● **INFORMATION PROVIDED**
----------
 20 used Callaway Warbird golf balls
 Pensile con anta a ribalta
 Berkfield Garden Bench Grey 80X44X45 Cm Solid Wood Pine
----------
● **REQUIRED WORK**
Please print the whole of the material verbatim.

● **THE COMPLETED TASK**
 20 used Callaway Warbird golf balls
 Pensile con anta a ribalta
 Berkfield Garden Bench Grey 80X44X45 Cm Solid Wood Pine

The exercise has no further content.